─── Exercise input
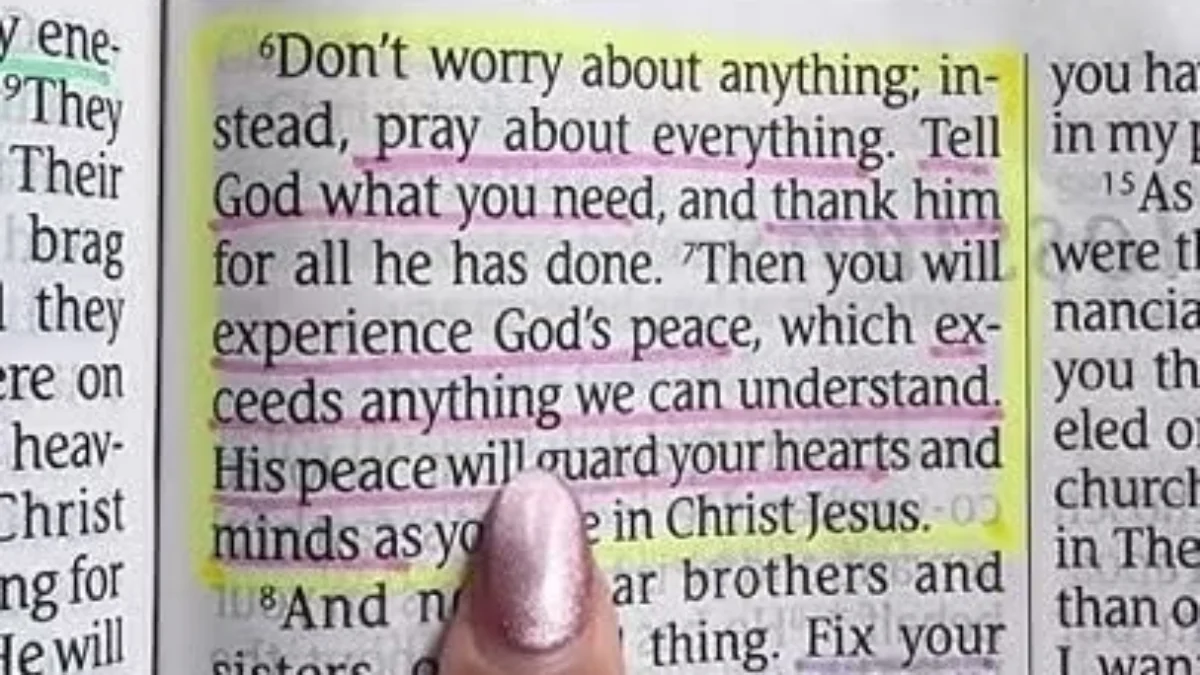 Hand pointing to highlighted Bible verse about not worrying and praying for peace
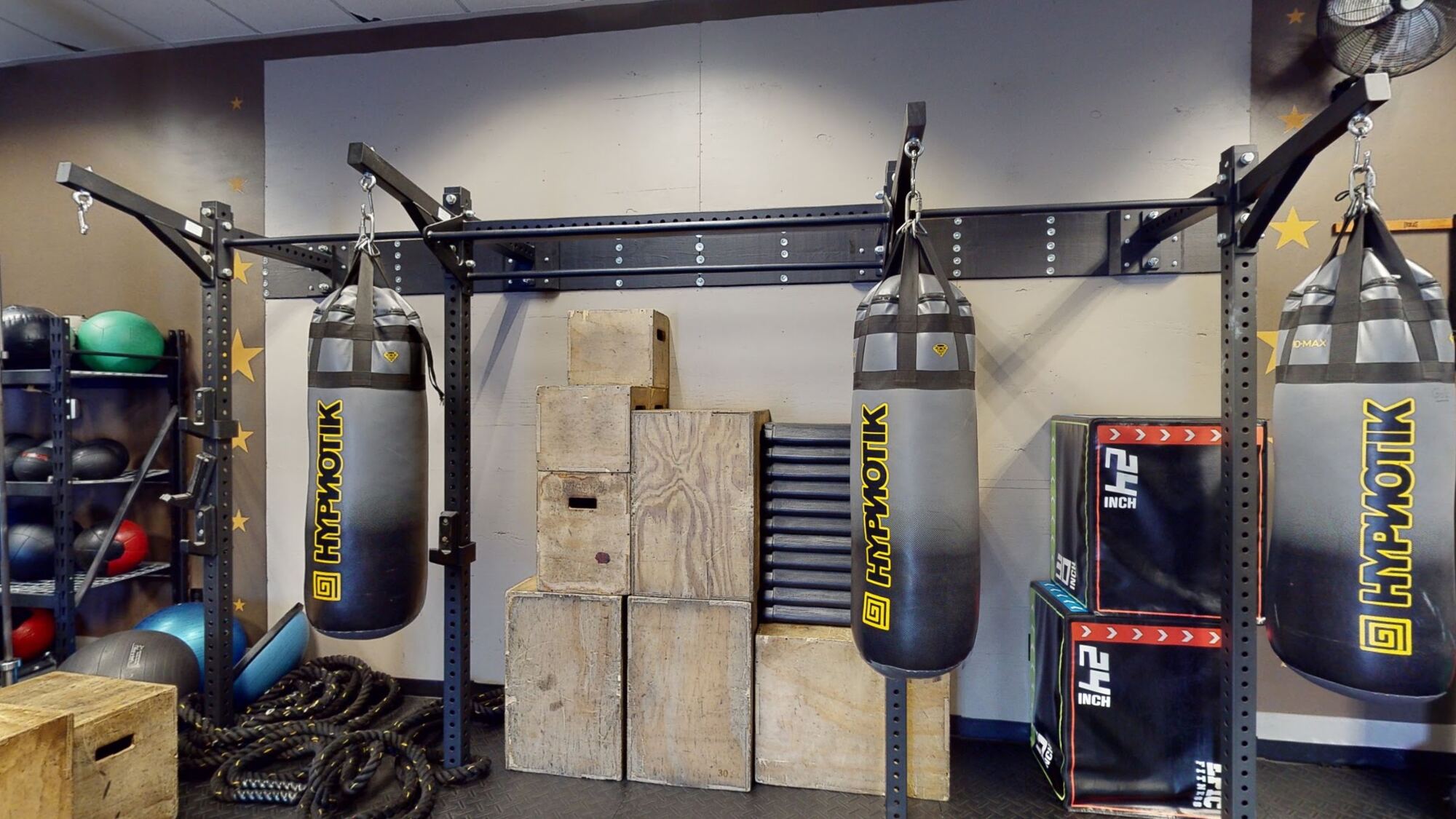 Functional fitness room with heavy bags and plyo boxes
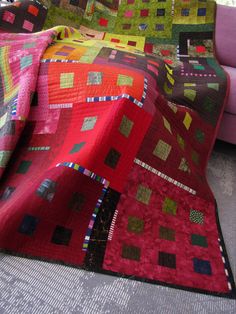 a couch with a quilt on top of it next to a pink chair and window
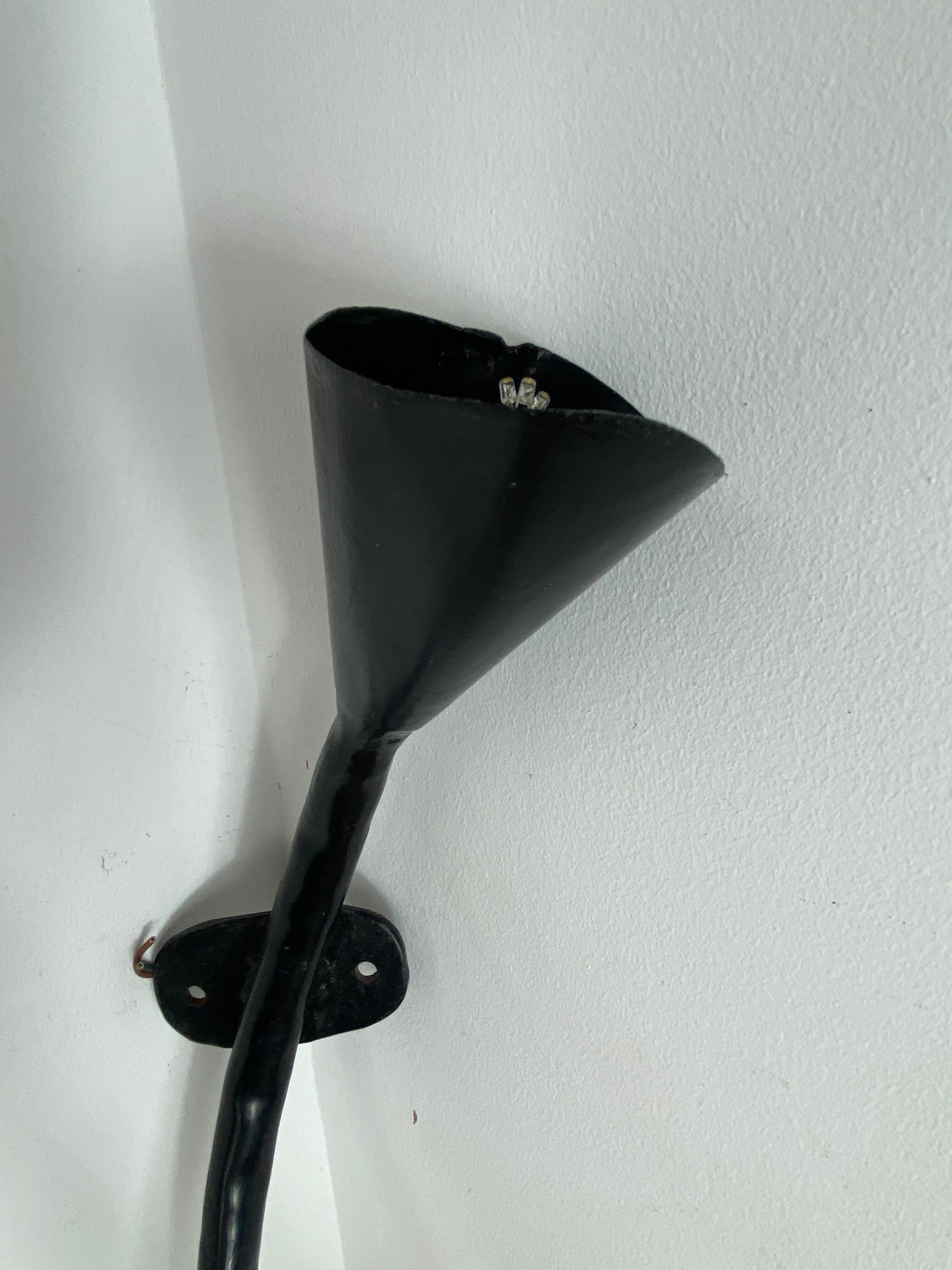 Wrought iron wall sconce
──────
─── Exercise input
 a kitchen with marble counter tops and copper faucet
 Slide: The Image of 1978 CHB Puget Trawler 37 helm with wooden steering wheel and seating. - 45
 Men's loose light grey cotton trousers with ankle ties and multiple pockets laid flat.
──────
─── Exercise input
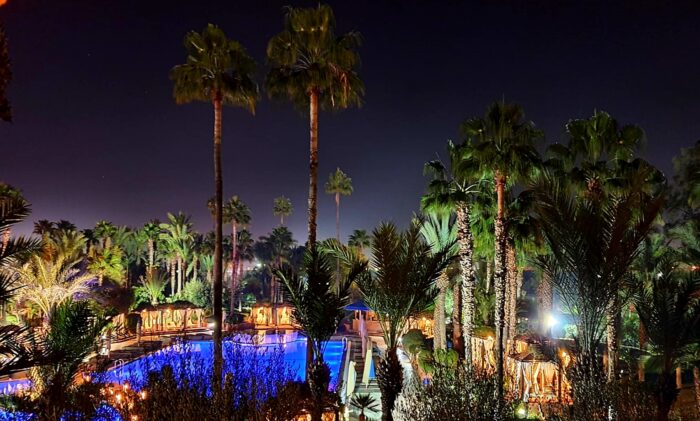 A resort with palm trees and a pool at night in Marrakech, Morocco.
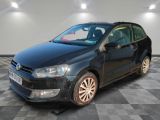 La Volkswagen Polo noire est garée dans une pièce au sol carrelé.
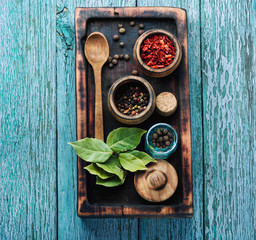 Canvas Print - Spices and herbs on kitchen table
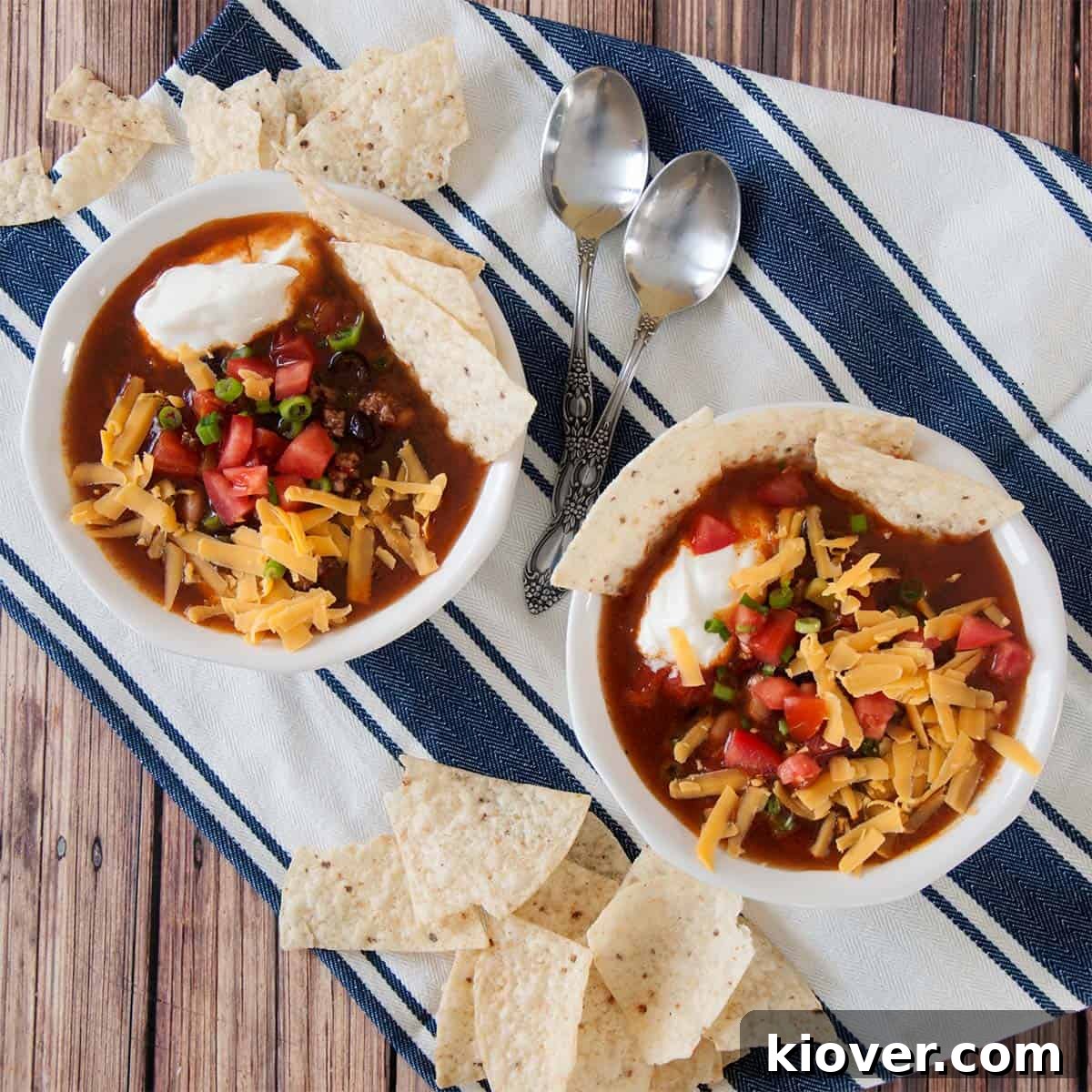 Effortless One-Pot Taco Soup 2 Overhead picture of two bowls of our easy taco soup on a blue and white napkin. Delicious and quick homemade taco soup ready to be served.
──────
_Exercise_.
Copy exactly the lines of the listing above between the one holding "A resort with" and the one holding "Effortless One-Pot Taco", inclusive; omit all pictures.

_Written answer_.
 A resort with palm trees and a pool at night in Marrakech, Morocco.
 La Volkswagen Polo noire est garée dans une pièce au sol carrelé.
 Canvas Print - Spices and herbs on kitchen table
 Effortless One-Pot Taco Soup 2 Overhead picture of two bowls of our easy taco soup on a blue and white napkin. Delicious and quick homemade taco soup ready to be served.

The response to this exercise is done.